The CORTEX project aims at developing an innovative core monitoring technique that allows detecting anomalies in nuclear reactors, such as excessive vibrations of core internals, flow blockage, coolant inlet perturbations, etc. The technique will be based on primarily using the inherent fluctuations in neutron flux recorded by in-core and ex-core instrumentation, from which the anomalies will be differentiated depending on their type, location and characteristics. The method is non-intrusive and does not require any external perturbation of the system. The project will result in a deepened understanding of the physical processes involved. This will allow utilities to detect operational problems at a very early stage and to take proper actions before such problems have any adverse effect on plant safety and reliability. With an ageing fleet of nuclear reactors utilizing more challenging fuel assembly designs, core loadings, and operating more often in load-follow, new operational problems have been observed during the last decade and will become more frequent in the future. By making the detection and characterization of anomalies possible, the availability of nuclear-generated electricity will be further improved. This will contribute to a lowering of the CO2 footprint to the environment and to a higher availability of cheap base-load electricity to the consumers. By implementing the technique in the existing fleet of reactors, the technique will have a major impact. Moreover, the technique, being generic in nature, can be applied to future reactor types and designs. In order to develop a method that can reach a high Technology Readiness Level, the consortium was strategically structured around the required core expertise from all the necessary actors of the nuclear industry, both within Europe and outside. The broad expertise of the consortium members ensures the successful development of new in-situ monitoring techniques.

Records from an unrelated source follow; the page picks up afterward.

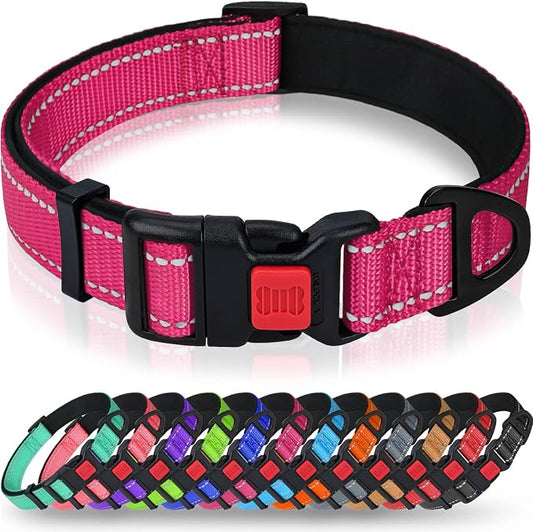 Taglory Reflective Dog Collar for Puppies with Escape-Proof Locking Buckle, Soft Neoprene Padded and Upgraded Zinc Alloy Ring, Adjustable for Chihuahua Yorkie, Hotpink,XS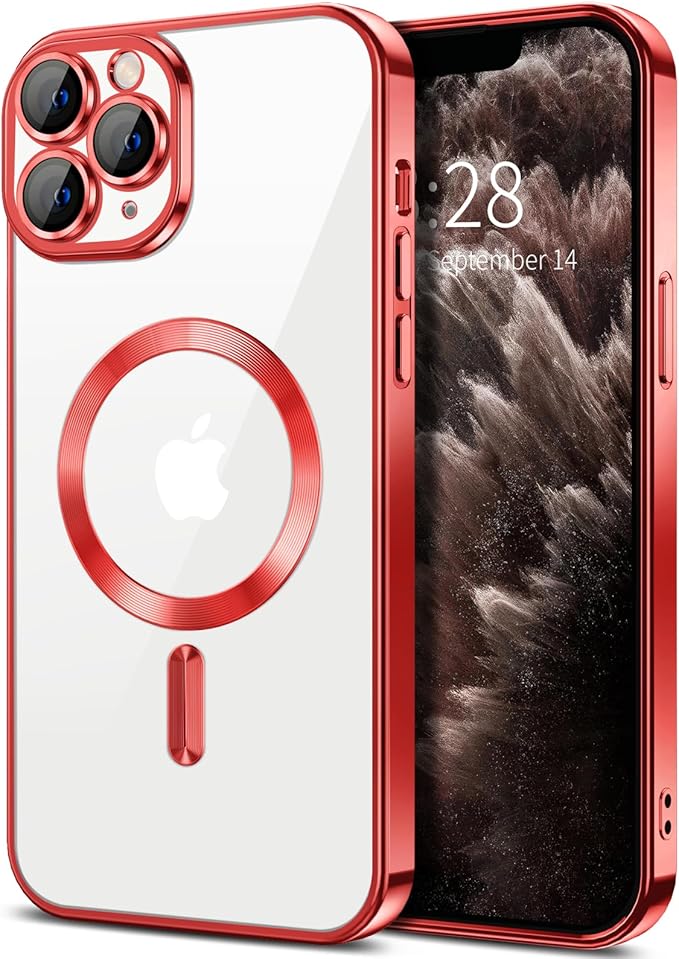 Hython Magnetic Clear for iPhone 11 Pro Max Case with Camera Lens Protector [Compatible with MagSafe] Plating Edge Slim Soft TPU Cover Protective Phone Case for iPhone 11 Pro Max 6.5", Red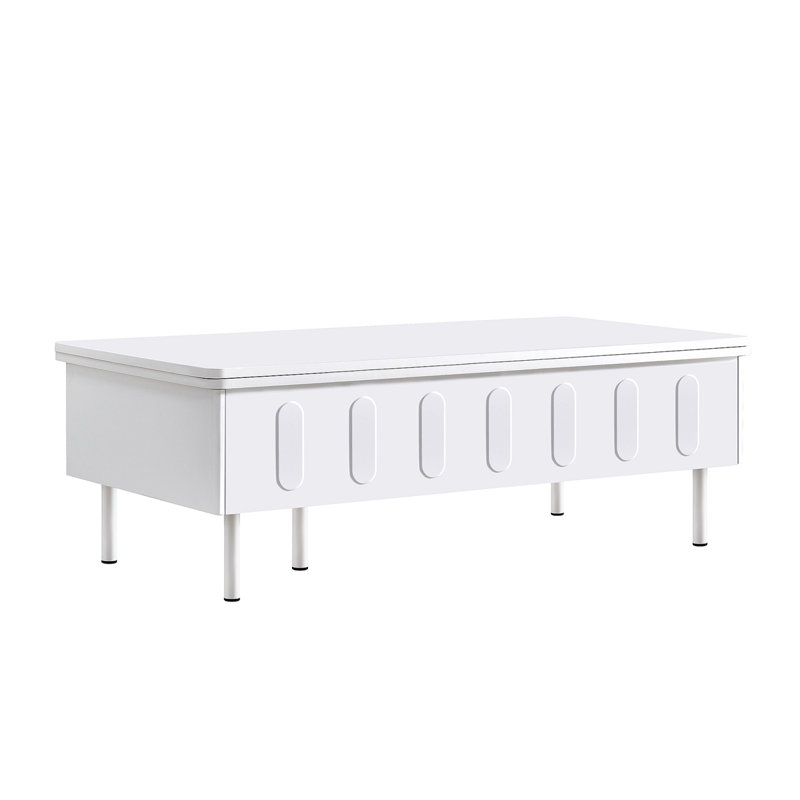 Lift-top Coffee Table With Foldable Top, 2 Drawers, Hidden Storage Compartment And Metal Legs, White
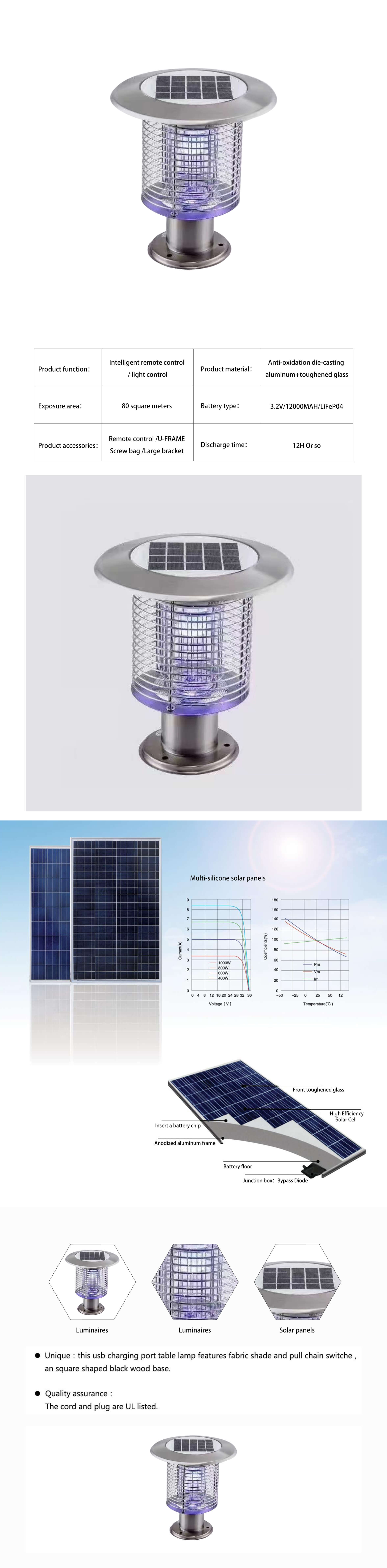 all in one led solar mosquito killer pillar light manufacturer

The Fukushima Daiichi event has demonstrated the need for improved nuclear energy safety, which can be ensured by the development of accident-tolerant fuels (ATFs). ATFs are expected to overcome the inherent technical shortcomings of the standard zircaloy/UO2 fuels, thus relieving the industry from the huge financial penalty associated with beyond-design-basis accidents leading to fuel cladding material failure and release of radioactive fission products to the power plant containment and the environment. The main objective of IL TROVATORE is to identify the best candidate ATF cladding materials for use in Gen-II and Gen-III/III+ LWRs and to validate them in an industrially-relevant environment, i.e., under neutron irradiation in PWR-like water. Ideally, fuel cladding materials must demonstrate leak tightness and containment of fuel pellets and fission products during the fuel residence in the reactor, even under transient/accidental operation conditions. The innovative ATF cladding material concepts proposed in IL TROVATORE are expected to demonstrate significant improvement in performance when compared to the current fuel cladding materials, thus helping to take a critical step towards an improved energy safety worldwide, in response to the requirements of the amended Nuclear Safety Directive. The development of ATF clads will eliminate redundant safety systems, improving the market profile of current reactor designs, and the overall envisaged innovation will strengthen the competitiveness of European industries in both nuclear and non-nuclear sectors. To achieve its ambitious objectives, IL TROVATORE relies on academic excellence and industrial support, while also involving standardization bodies and nuclear safety regulatory authorities to accelerate the transfer of key innovation to market. Since IL TROVATORE is put forth to address a pressing global challenge, it is presented as an international collaboration between Europe, the USA and Japan.